Luxembourg's Q3 GDP boosted by non-financial services
Luxembourg's gross domestic product (GDP) grew by 1.7% in the third quarter of 2017 compared with Q2, according to the latest figures from Statec.
Compared with the same quarter in 2016, GDP grew by 3.2%.
The upward trend is due to improvements in business services and trade over the summer months of 2017.
The ICT sector continued to grow apace, while the financial sector lagged behind, Statec said.
Year to date, Luxembourg's financial sector has performed better in terms of employment (+3.0% compared to the previous year) than added value (-2.0%).
"This contrast, which led to a sharp drop in apparent labour productivity, must be taken with a grain of salt given the high volatility in added value in this area – and of the level of revision to historical data observed," it adds.
"The fact remains, however, that employment in financial activities started to flag in 2017 – it rose 3.5% in 2016 – particularly in the third quarter, when a number of banks implemented redundancy plans."

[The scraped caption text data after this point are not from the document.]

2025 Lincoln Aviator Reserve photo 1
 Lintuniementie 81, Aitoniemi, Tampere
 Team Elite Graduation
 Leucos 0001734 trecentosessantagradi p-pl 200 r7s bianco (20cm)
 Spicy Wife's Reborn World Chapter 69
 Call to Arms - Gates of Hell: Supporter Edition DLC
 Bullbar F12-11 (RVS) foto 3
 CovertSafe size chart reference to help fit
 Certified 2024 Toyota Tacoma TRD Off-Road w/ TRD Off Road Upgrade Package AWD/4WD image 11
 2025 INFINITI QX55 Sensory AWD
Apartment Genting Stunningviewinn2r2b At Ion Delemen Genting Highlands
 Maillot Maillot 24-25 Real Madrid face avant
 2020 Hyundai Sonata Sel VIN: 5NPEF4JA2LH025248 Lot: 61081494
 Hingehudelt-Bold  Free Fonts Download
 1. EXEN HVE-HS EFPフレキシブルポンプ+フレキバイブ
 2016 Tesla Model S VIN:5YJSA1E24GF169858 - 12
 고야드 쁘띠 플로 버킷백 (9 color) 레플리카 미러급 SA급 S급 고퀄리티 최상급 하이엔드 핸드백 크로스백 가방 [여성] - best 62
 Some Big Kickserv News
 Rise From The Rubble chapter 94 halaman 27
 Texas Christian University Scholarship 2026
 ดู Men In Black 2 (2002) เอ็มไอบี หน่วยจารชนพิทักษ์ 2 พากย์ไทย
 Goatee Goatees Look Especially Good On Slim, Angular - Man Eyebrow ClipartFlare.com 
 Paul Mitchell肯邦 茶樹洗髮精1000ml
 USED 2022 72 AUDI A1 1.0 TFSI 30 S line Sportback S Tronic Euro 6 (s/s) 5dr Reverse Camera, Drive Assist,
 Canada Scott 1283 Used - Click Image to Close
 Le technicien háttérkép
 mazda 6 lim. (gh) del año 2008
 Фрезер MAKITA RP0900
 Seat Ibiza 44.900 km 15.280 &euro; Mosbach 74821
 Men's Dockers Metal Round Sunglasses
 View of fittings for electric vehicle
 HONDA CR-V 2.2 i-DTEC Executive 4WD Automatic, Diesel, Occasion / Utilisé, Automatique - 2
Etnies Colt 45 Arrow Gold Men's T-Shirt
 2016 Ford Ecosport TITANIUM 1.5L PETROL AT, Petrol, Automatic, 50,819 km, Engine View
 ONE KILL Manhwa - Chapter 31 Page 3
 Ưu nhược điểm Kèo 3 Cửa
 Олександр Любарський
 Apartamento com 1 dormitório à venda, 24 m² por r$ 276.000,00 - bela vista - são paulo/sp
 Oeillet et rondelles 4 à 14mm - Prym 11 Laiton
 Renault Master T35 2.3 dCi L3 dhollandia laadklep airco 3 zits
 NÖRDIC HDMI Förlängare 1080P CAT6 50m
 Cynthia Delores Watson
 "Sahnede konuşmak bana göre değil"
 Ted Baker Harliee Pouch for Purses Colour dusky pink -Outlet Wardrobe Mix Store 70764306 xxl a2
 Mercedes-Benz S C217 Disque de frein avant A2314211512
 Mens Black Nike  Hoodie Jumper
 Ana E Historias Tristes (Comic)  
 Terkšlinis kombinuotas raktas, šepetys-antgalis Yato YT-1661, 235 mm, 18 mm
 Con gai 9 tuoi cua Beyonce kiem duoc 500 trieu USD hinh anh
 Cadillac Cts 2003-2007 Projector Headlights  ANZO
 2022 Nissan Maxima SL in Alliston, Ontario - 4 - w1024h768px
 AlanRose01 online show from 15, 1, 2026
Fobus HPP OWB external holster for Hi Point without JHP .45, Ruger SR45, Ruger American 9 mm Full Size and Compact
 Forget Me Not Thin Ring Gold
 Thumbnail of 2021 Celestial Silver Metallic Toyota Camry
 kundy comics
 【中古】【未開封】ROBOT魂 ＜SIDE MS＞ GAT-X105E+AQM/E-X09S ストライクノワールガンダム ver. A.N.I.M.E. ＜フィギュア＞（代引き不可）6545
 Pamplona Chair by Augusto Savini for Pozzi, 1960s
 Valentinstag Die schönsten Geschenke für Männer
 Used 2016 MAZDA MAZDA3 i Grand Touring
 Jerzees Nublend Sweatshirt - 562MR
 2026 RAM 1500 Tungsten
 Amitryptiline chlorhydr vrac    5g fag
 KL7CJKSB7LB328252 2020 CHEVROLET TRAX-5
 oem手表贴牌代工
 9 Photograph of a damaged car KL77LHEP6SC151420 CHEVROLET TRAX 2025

GDP growth stood at 2.7% in 2017, and, according to the Statec's monthly publication on the state of Luxembourg's economy, "the current climate gives cause for optimism".
It cites several favourable economic surveys for Luxembourg in recent months and indicators showing a strengthening of eurozone economic momentum – particularly considering positively revised eurozone outlooks by the World Bank and the International Monetary Fund.
Eurozone growth is now expected to reach 2.2% in 2018 and 2.0% in 2019.
Other indicators include:
- New mortgages granted in Luxembourg rose by 10.4% over one year, with fixed-rate mortgage demand increasing by 22% and variable-rate mortgages falling by 4%
- Unemployment affected 5.9% of the working population in 2017, and although it rose slightly in December compared with November, unemployment should continue to fall in 2018, Statec says
- Inflation in Luxembourg rose to 1.7% in 2017 compared with 0.3% in 2016.
Rising oil prices mainly contributed to rising inflation, from -0.5 percentage points in 2016 to +0.4 percentage points in 2017
- Underlying inflation – which excludes oil prices – remained at 1.5% in 2017, well below its historical average of 2%, and was sustained by food inflation, wage indexation and exceptional increases such as prices for holidays and financial services
- The growth pace of collected taxes increased in 2017 (+5.6%) compared with the three previous years despite the loss of €300 million in e-commerce VAT and tax reforms. In total, the government collected €15 billion in tax receipts last year
- Household consumption also continued to grow in the Grand Duchy in the third quarter, although it slowed compared with the second quarter
In its report, Statec also puts into perspective the record number of cars registered in the Grand Duchy in 2017.
Last year, 52,776 cars were registered compared with the 2008 record of 52,359.
Statec points out that, considering the 20% population increase registed since 2008, the record number is perhaps not surprising.